A survey published this Monday (30) in the scientific journal Nature Astronomy suggests that at least a quarter of the Sun-like stars have planets that orbit them. The discovery could help understand the possible evolutionary path of planetary systems.
The galaxy we live in has many planetary systems, and it was already known that most of them are quite different from our solar system.
But now scientists have discovered that, unlike our Solar System – which has preserved a systematic architecture of planets orbiting the Sun – a significant number of neighboring planetary systems have had a very dynamic past. In at least 25% of them, the central star must have “devoured” some of the planets that orbited it.
The study, conducted by researchers from the University of So Paulo (USP) and centers in Italy, Australia and the United States, observed the chemical composition of more than 100 solar-type stars. binary system A system formed by two twin stars having the same chemical composition. For this, La Silla Observatory Telescope, managed by European Southern Observatory (ESO) and is located in the Atacama Desert in Chile.
To the scientists’ surprise, some of the binary systems analyzed did not have the same chemical composition as sister stars, as one of them had a greater Lithium and Iron, an element abundant in rocky planets.
Timelapse shows the sky from the La Silla Observatory in Chile
The conclusion, according to Jorge Melendez, a professor in the USP Department of Astronomy and one of the authors, is that stars rich in these elements had some planets dissolved in their systems in their outer region. Therefore . nickname of “Cannibal Star”.

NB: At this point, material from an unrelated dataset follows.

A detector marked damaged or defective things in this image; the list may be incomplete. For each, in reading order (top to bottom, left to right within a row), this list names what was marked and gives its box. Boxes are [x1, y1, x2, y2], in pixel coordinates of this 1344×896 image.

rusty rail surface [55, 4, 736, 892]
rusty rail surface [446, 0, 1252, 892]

“The unusually high abundance of this chemical element in a star [lítio e ferro] This could indicate that planetary material was swallowed by it,” Melendez says.
The publication states that the chemically inhomogeneous binary stars discovered by the study “represent one of the most contradictory examples in stellar astrophysics and a source of tension between theory and observations.” Furthermore, it is still unclear what causes the difference in the composition of these twin stars.
La Silla Observatory in Chile’s Atacama Desert, a 3.6-meter telescope from the European Southern Observatory (ESO). — Photo: Yuri Beletsky (LCO)/ESO
“It is still unclear whether the chemical abundance variation is a result of disparities in proto-stellar gas clouds. [da formação estrelar] or are due to planetary collision events (…) The first scenario undermines the common belief that the chemical composition of stars provides fossil information on the environment in which they formed, while the second scenario sheds light on possible evolutionary pathways. puts the planetary system, ”the publication states.
However, scientists say that there is strong evidence that the planets are surrounded by the central star of the system.